## Friday, November 4, 2016

### Geometry Problem 1283 Two Equilateral Triangle, Perpendicular, Midpoint

Geometry Problem. Post your solution in the comment box below.
Level: Mathematics Education, High School, Honors Geometry, College.

Click the figure below to view more details of problem 1283.

1. https://goo.gl/photos/96rSC1H87PN4Xb7g7

Let N is the projection of M over CDE
In triangle EMD, MN is the median and altitude from M => MED is isosceles triangle
Connect CM , CM ⊥AB and BE⊥EC => quadri. CMBE is cyclic
in cyclic quadrilateral CMBE ∠MDC=∠MBC=60 degrees => Triangle EMC is equilateral

2. Problem 1283
Suppose that MN is perpendicular to CE ( DN =NE ,ABED is trapezoid ) so triangle MED is isosceles (ME=MD).But <AMC=90=<ADC then AMDC is cyclic.
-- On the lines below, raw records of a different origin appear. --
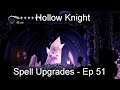 Spell Upgrades - Hollow Knight [Ep 51]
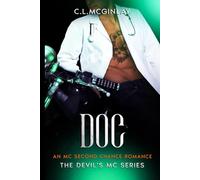 Doc: An MC Second Chance Romance (A Devil's MC Series)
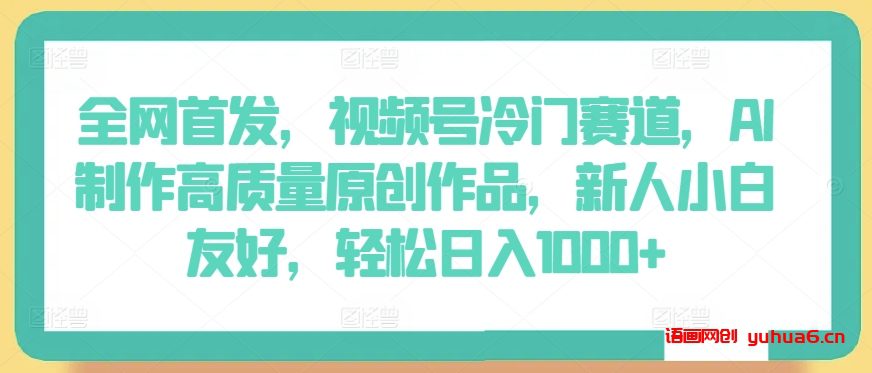 全网首发，视频号冷门赛道，AI制作高质量原创作品，新人小白友好，轻松日入1000+网赚课程-副业赚钱-互联网创业-手机赚钱-挂机躺赚-语画网创-精品课程-知识付费-源码分享-免费资源语画网创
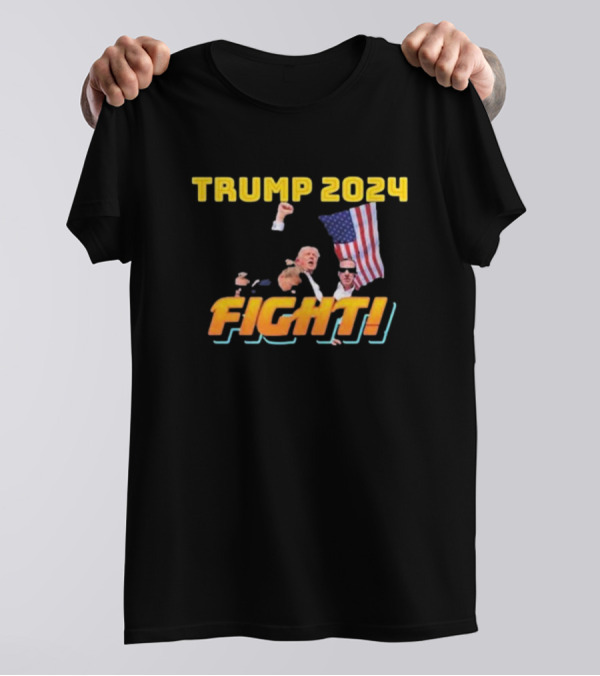 TRUMP 2024 FIGHT FIGHT FIGHT FLAG AND DEFiance T-Shirt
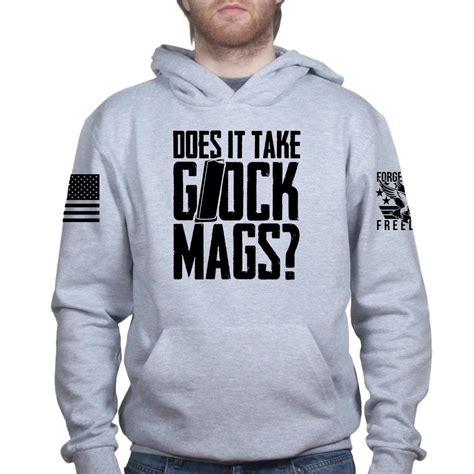 Does It Take Glock Mags Hoodie Forged From Freedom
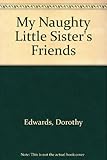 My naughty little sister's friends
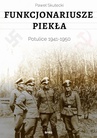 ebook Funkcjonariusze piekła. Potulice 1941-1950 - Paweł Skutecki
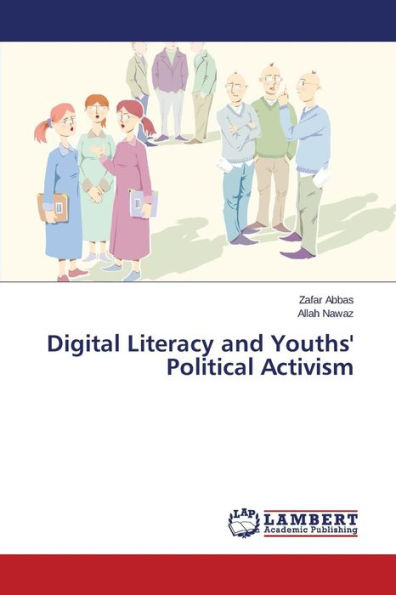 Digital Literacy and Youths' Political Activism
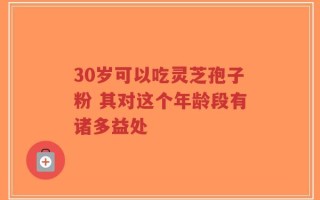 30岁可以吃灵芝孢子粉 其对这个年龄段有诸多益处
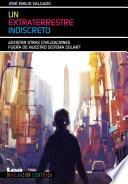 Un extraterrestre indiscreto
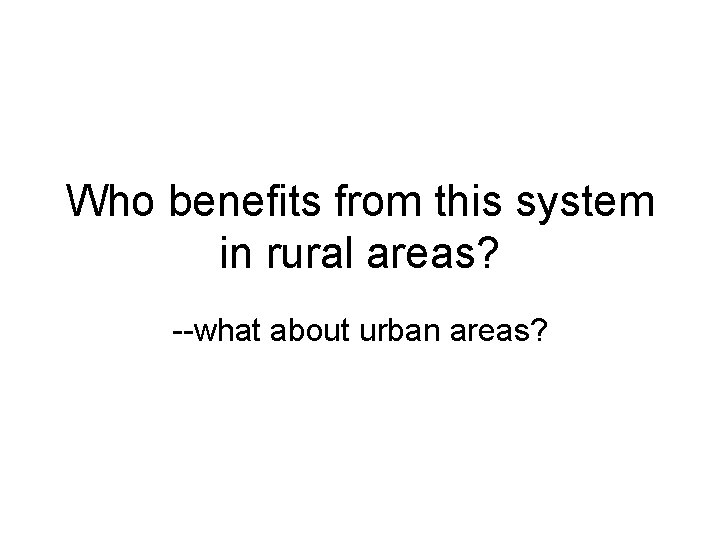 Who benefits from this system in rural areas? --what about urban areas? 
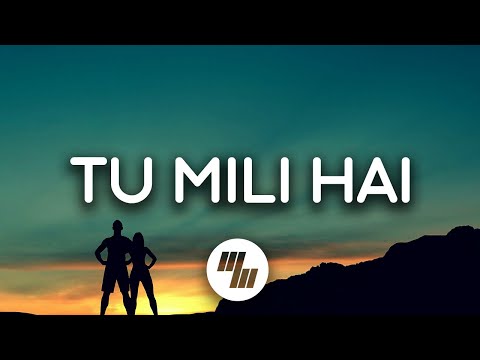Tu Mili Hai Lyrics | VIP 2 Lalkar | Dhanush, Amala Paul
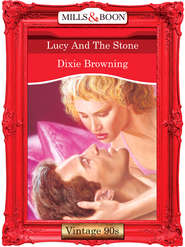 бесплатно читать книгу Lucy And The Stone автора Dixie Browning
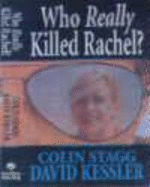 Who Really Killed Rachel? - Stagg, Colin, and Kessler, David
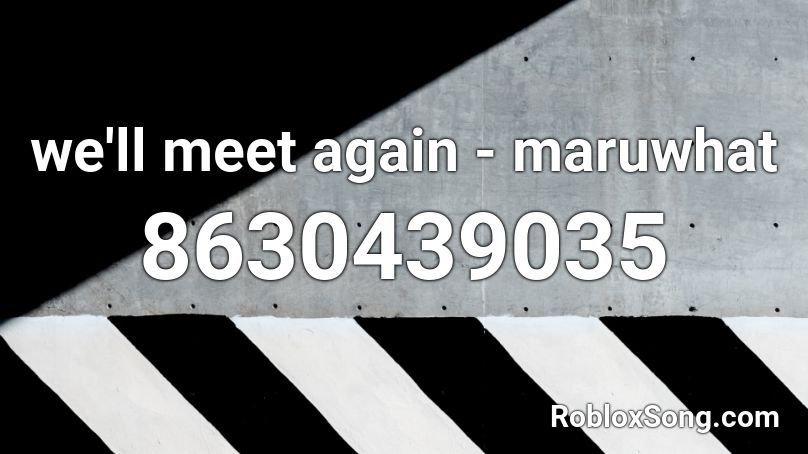 we'll meet again - maruwhat Roblox ID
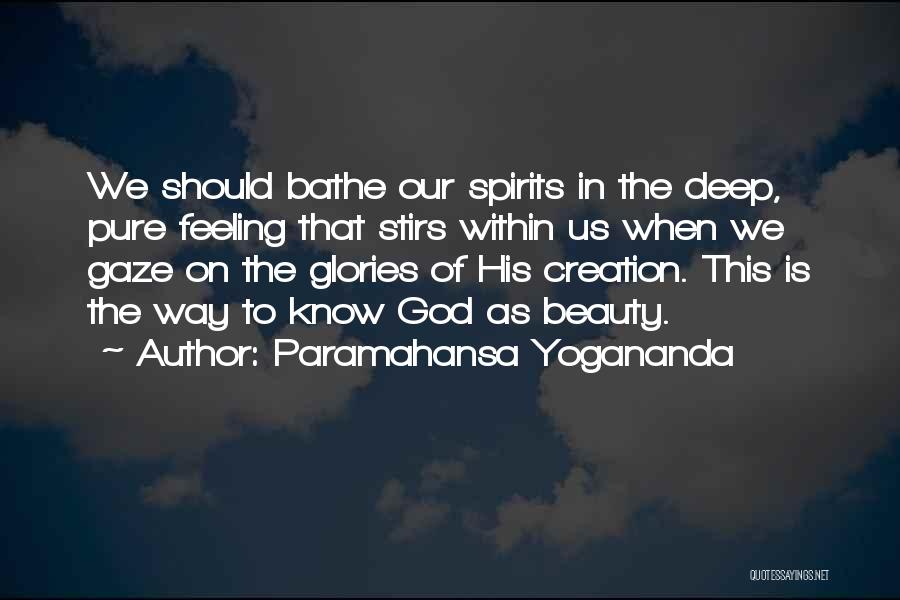 Paramahansa Yogananda Quotes: We Should Bathe Our Spirits In The Deep, Pure Feeling That Stirs Within Us When We Gaze On The Glories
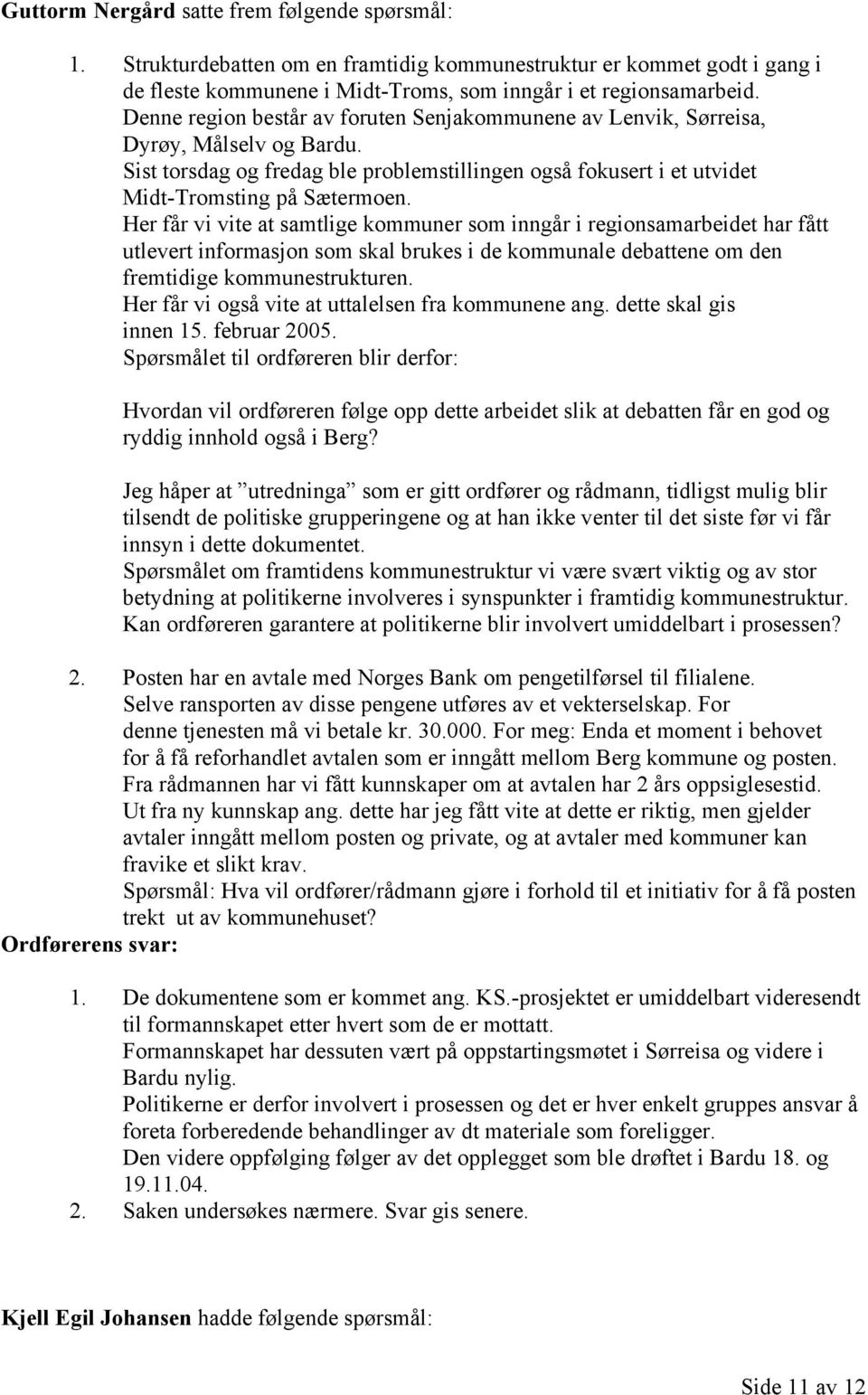 Her får vi vite at samtlige kommuner som inngår i regionsamarbeidet har fått utlevert informasjon som skal brukes i de kommunale debattene om den fremtidige kommunestrukturen.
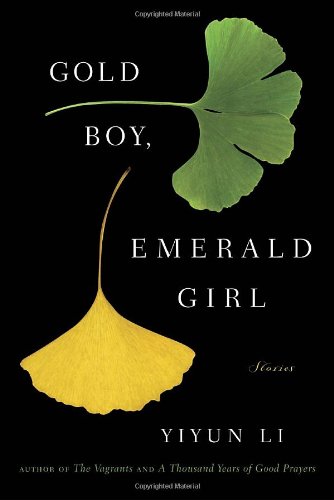 Gold Boy, Emerald Girl: Stories Gold Boy, Emerald Girl: Stories von Random House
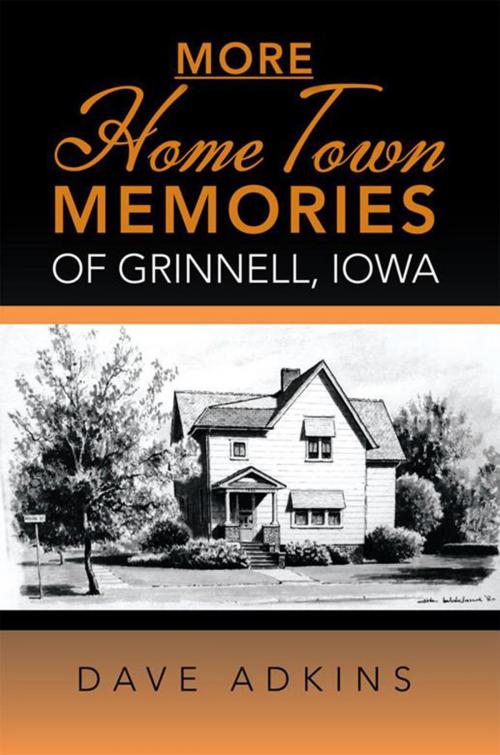 Cover of the book More Hometown Memories of Grinnell, Iowa by Dave Adkins, Xlibris US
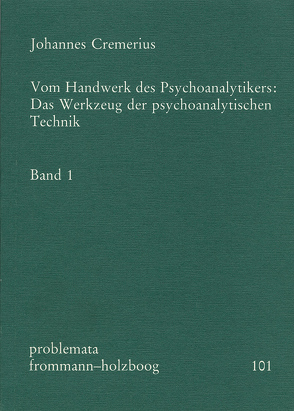 Vom Handwerk des Psychoanalytikers: Das Werkzeug der psychoanalytischen Technik. Band 1 von Cremerius,  Johannes, Holzboog,  Eckhart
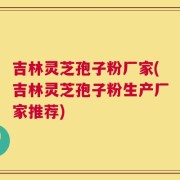 吉林灵芝孢子粉厂家(吉林灵芝孢子粉生产厂家推荐)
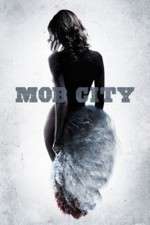 Watch Mob City Freemovieswatch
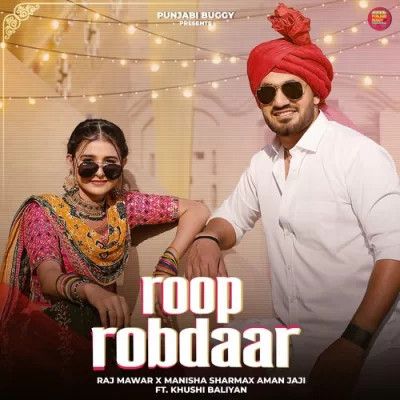 Roop Robdaar Raj Mawar, Manisha Sharma Mp3 Song Download
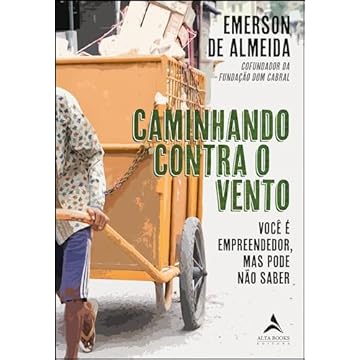 Capa do livro Caminhando contra o vento: você é empreendedor, mas pode não saber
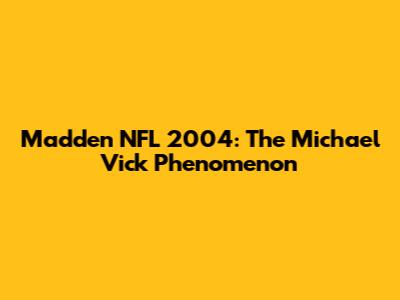 Madden NFL 2004: The Michael Vick Phenomenon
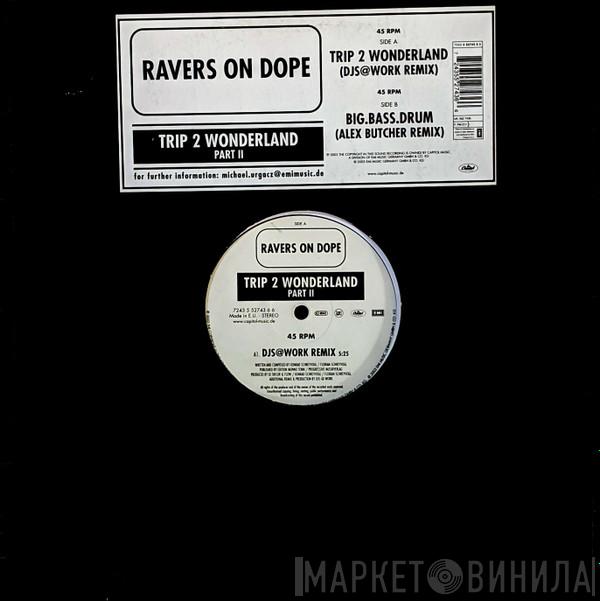 Ravers On Dope - Trip 2 Wonderland (Part II)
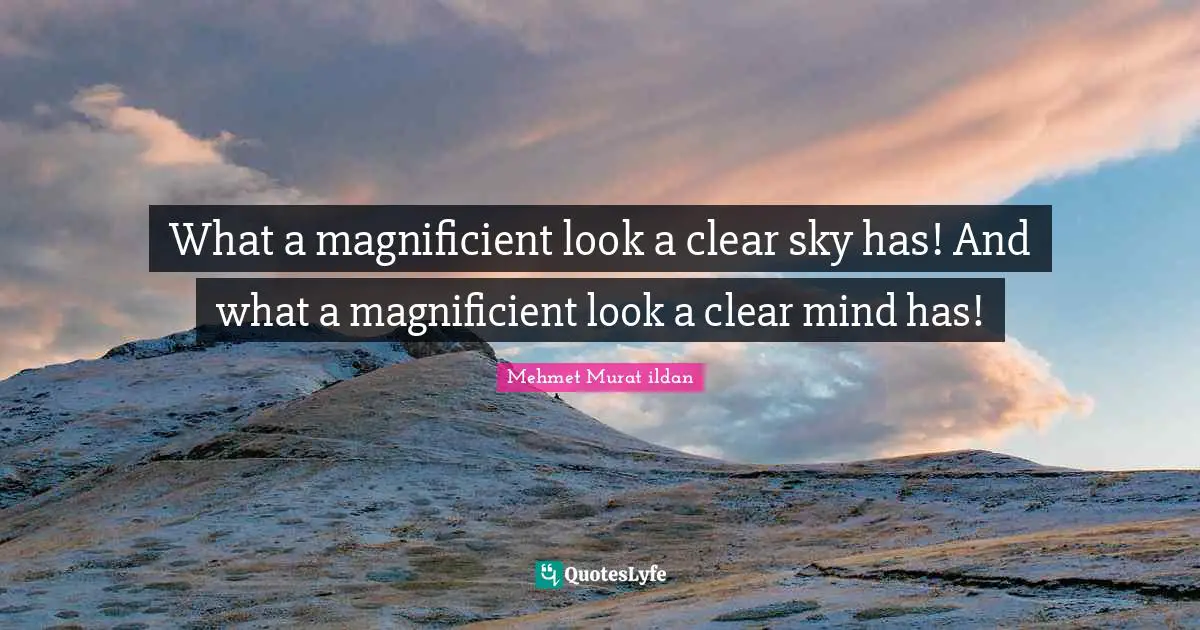 What a magnificient look a clear sky has! And what a magnificient look a clear mind has!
So <MDA=<MCA=60/2=30.
Then <MDE=90-30=60.Therefore triangle MDE is equilateral.
APOSTOLIS MANOLOUDIS 4 HIGH SCHOOL KORYDALLOS PIRAEUS GREECE

3. BECM is cyclic with BC as diameter so
< MEC = < MBC = 60

ACDM is cyclic with AC as diameter so
< MDE < MAC = 60

So 2 angles of Tr. MDE = 60 and is hence equilateral

Sumith Peiris
Moratuwa
Sri Lanka